This is a super easy recipe for apple cider vinegar. Essentially cider vinegar is just apple juice that’s fermented through the hard cider stage into the vinegar stage.
This recipe only involves two simple ingredients: apple juice, and apple cider vinegar with a “mother”. There are several brands of cider vinegar with mother available on the market, including: Viva Naturals, Bragg and Dynamic Health..
- 3 cups apple juice (pressed, not from concentrate)
- 1 cup apple cider vinegar (with mother) or 1 piece of mother
- Combine apple juice and mother in a glass jar.
- Cover with a breathable cotton cloth, firmly attached (with a rubber band or a mason jar ring).
- Leave it in a dark cool location (like a cupboard) until ready for use (or at least 2 months).
-Unless you test for pH, you have no idea what the actual pH is, so don’t use for pickling.
-The mother can become thick and rubbery, and there might also be dark floating bits, both of these things are fine.
-Feel free to filter out the floating bits before use, if you want a clear product. This is easily done by pouring the vinegar through a coffee filter.
-It may grow mold. Particularly if it’s too warm, near other cultures, or made from heavily processed apple juice (e.g. most brands that ship across the country).
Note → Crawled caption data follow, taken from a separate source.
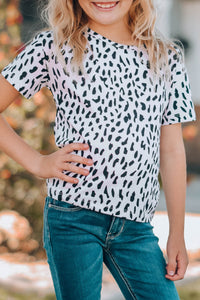 Girls White and Black Leopard Print Short Sleeve Knit Tee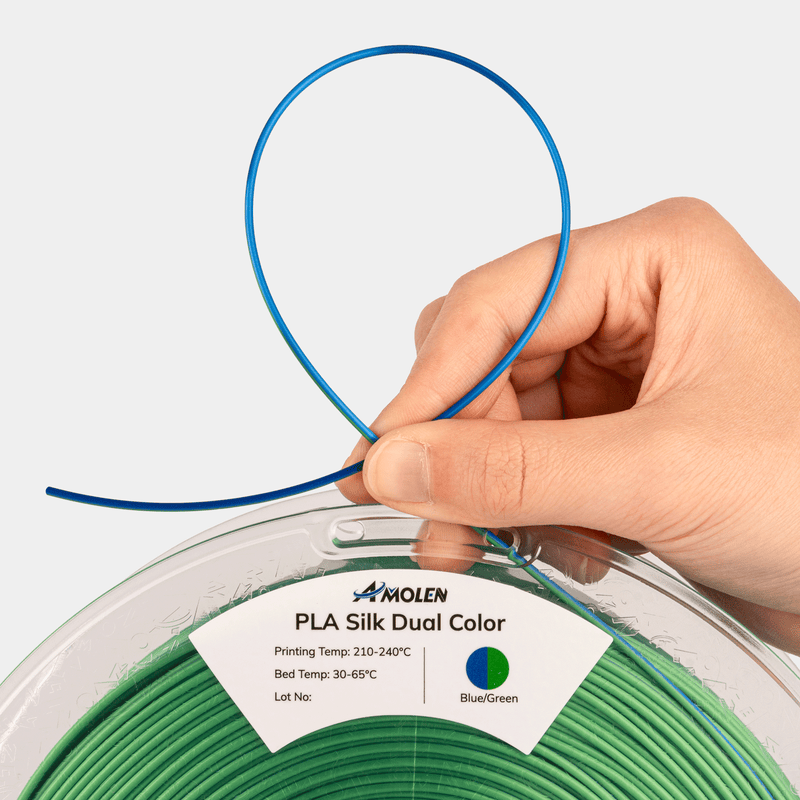 Amolen PLA Silk dual color filament spool, 1.75mm, 1kg, showcasing vibrant silk finish and colorful filament strands.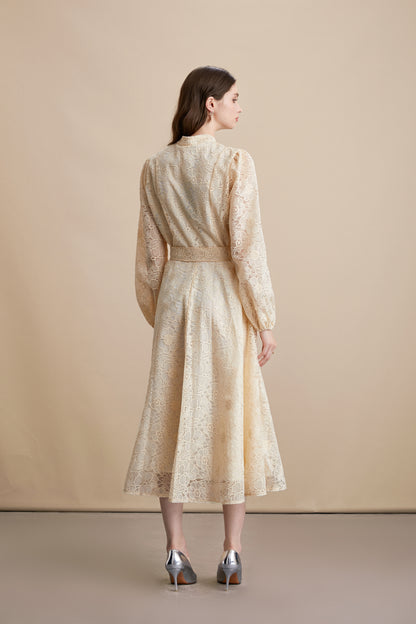 Women's Lace Stand Collar Puff Sleeve Midi Dress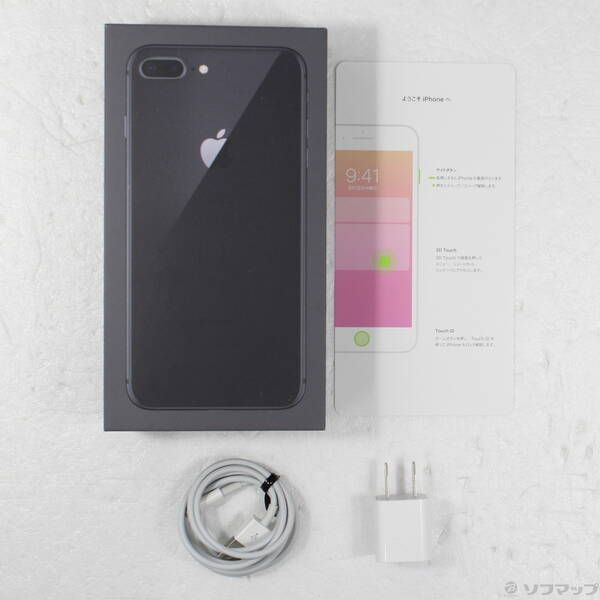 〔中古品〕 iPhone8 Plus 256GB スペースグレイ MQ9N2J／A SIMフリー【377】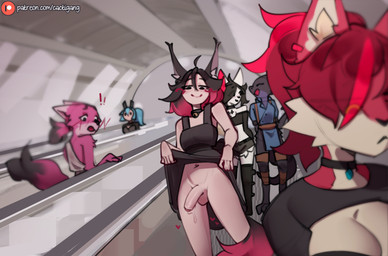 anthro balls blush bottomless bottomless_humanoid bottomless_male breasts cleavage clothed clothing collar escalator exclamation_point exhibitionism femboy foreskin genitals group heart_symbol humanoid_genitalia humanoid_penis inner_ear_fluff looking_at_viewer male male_humanoid navel no_underwear penis public public_exposure revealing_penis smile text tuft cactigang sasha_(cactigang) animal_humanoid canid canid_humanoid canine canine_humanoid fox fox_humanoid humanoid mammal mammal_humanoid 2025 url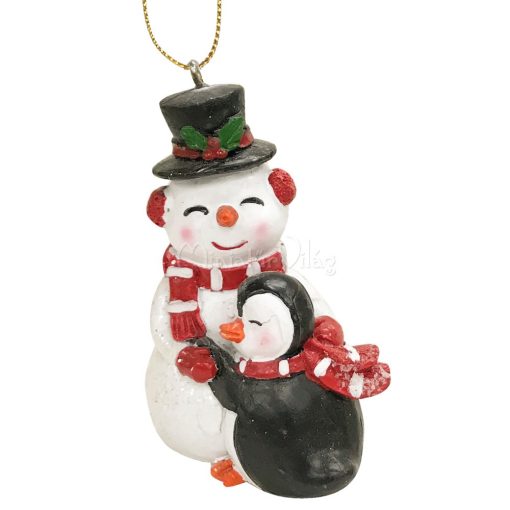 Karácsonyi dísz - Hóember Pingvinnel Figura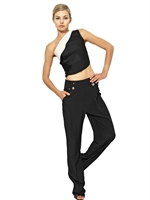 ANTHONY VACCARELLO - TOP AUS PLISSIERTEM TECHNO-SATIN-KREPP - SCHWARZ/WEIß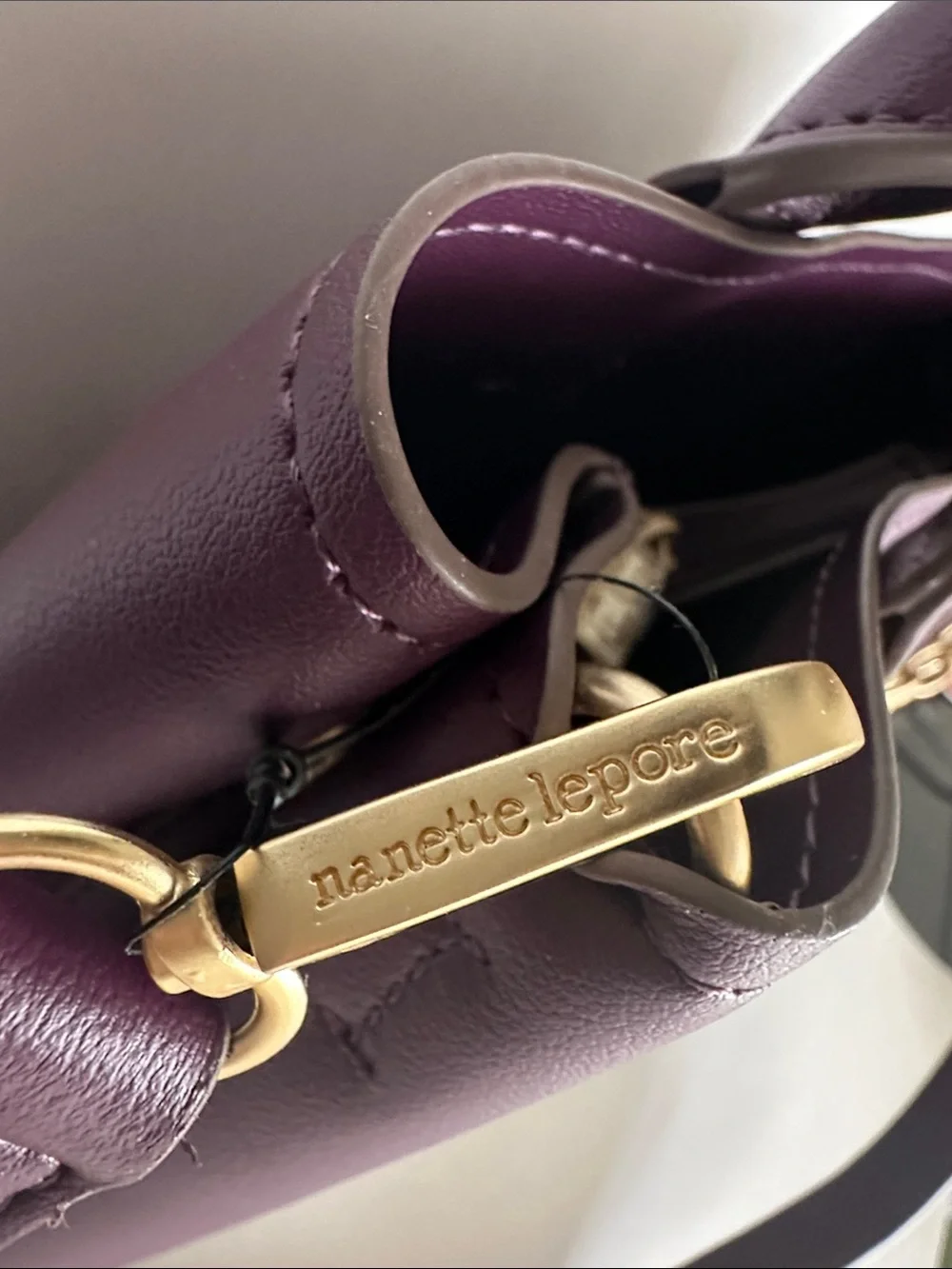 Nanette Lepore Plum Purple Satchel Crossbody Bag  Gold Chain Faux Leather Hanbag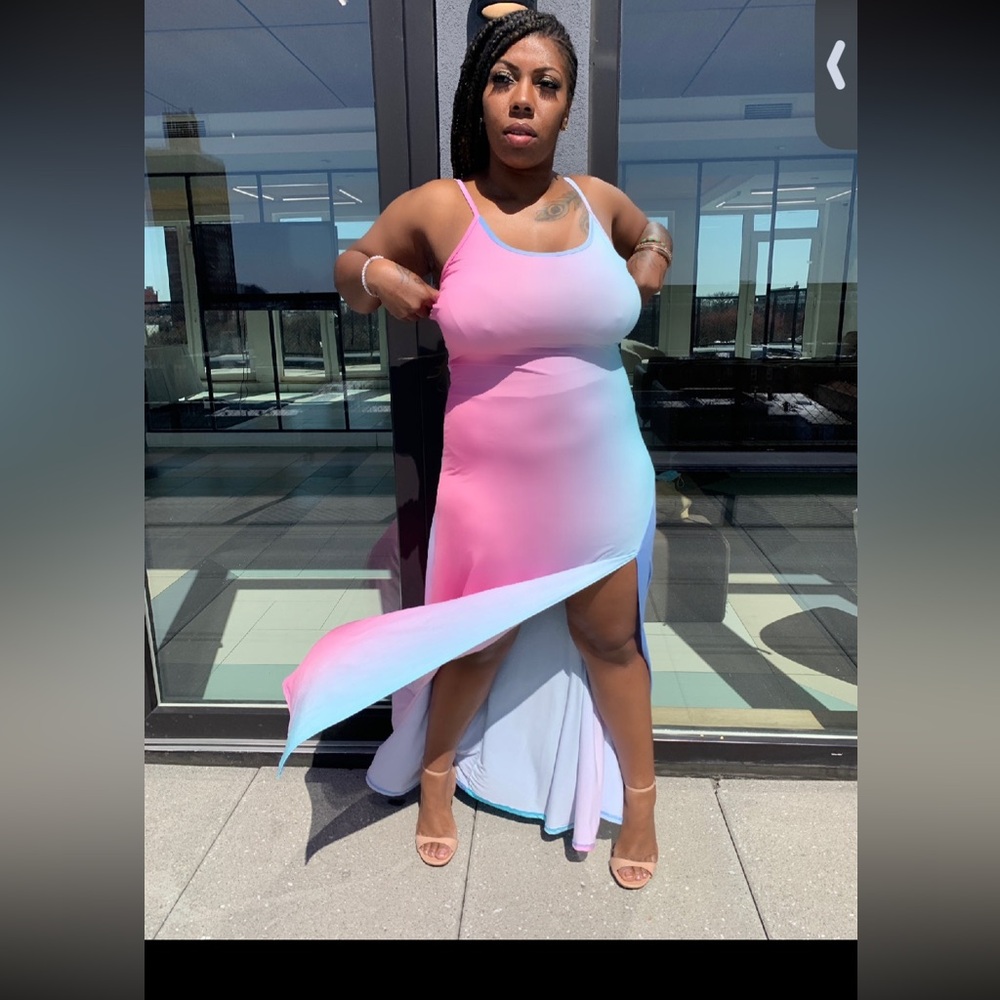 Chic Gradient High Low Dress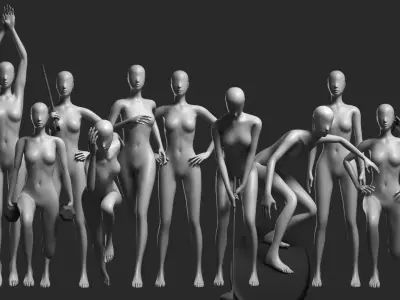 Animated Female Mesh - 12 sport poses v2 3D model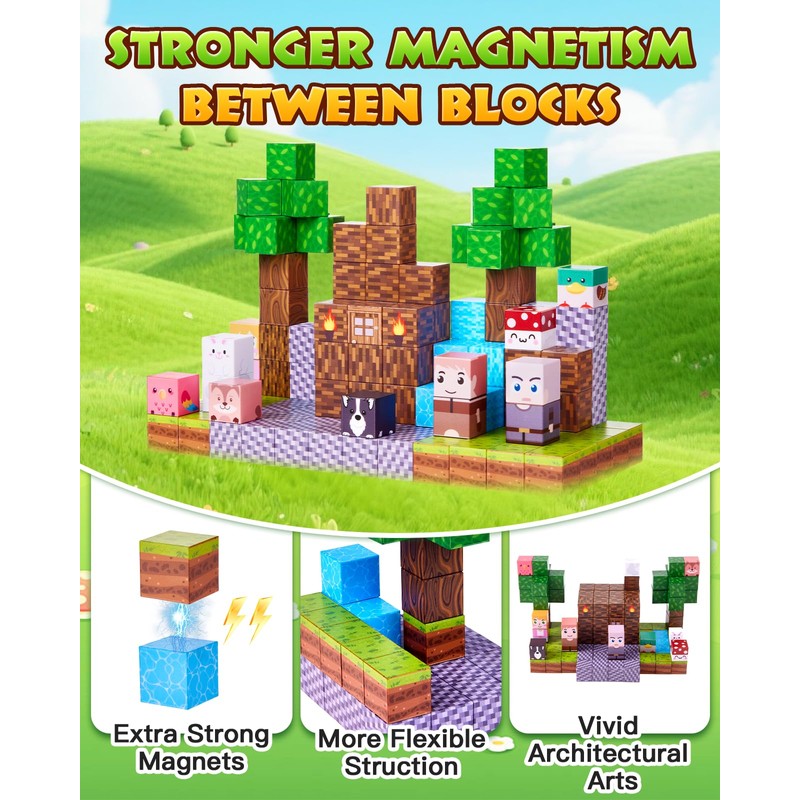 Gleamkid 126PCS Magnetic Building Blocks: Forest Castle Magnetic Blocks Building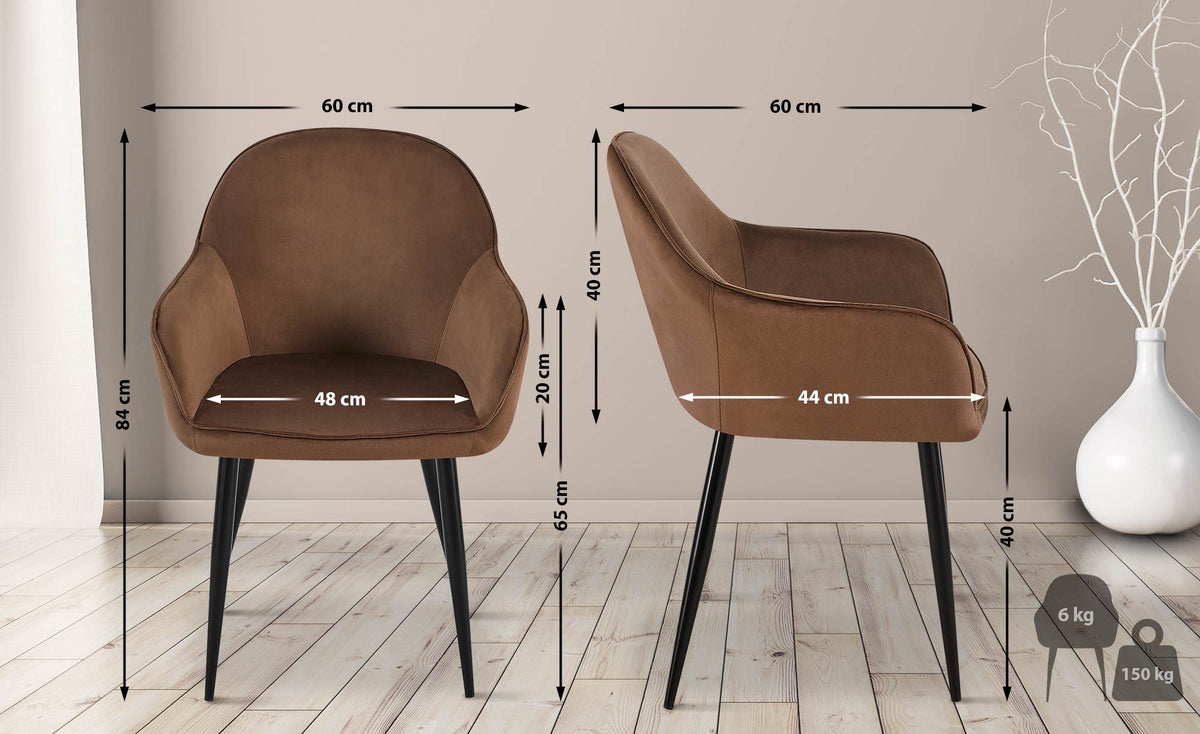 2er Set Esszimmerstuhl Boise Samt – Ansicht 2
If this happens you’ll have to throw it away and start again.
Here is a picture of the mother that grew on my vinegar.
The darker liquid is the vinegar that I made, and the lighter liquid is fresh juice with the mother floating in it. I basically cycle through my cider vinegar, with one jar in use and another being cultured at the same time.
However you slice it, it’s worth it! There’s very little effort involved, and the cost of apple juice is far less then the cost of cider vinegar.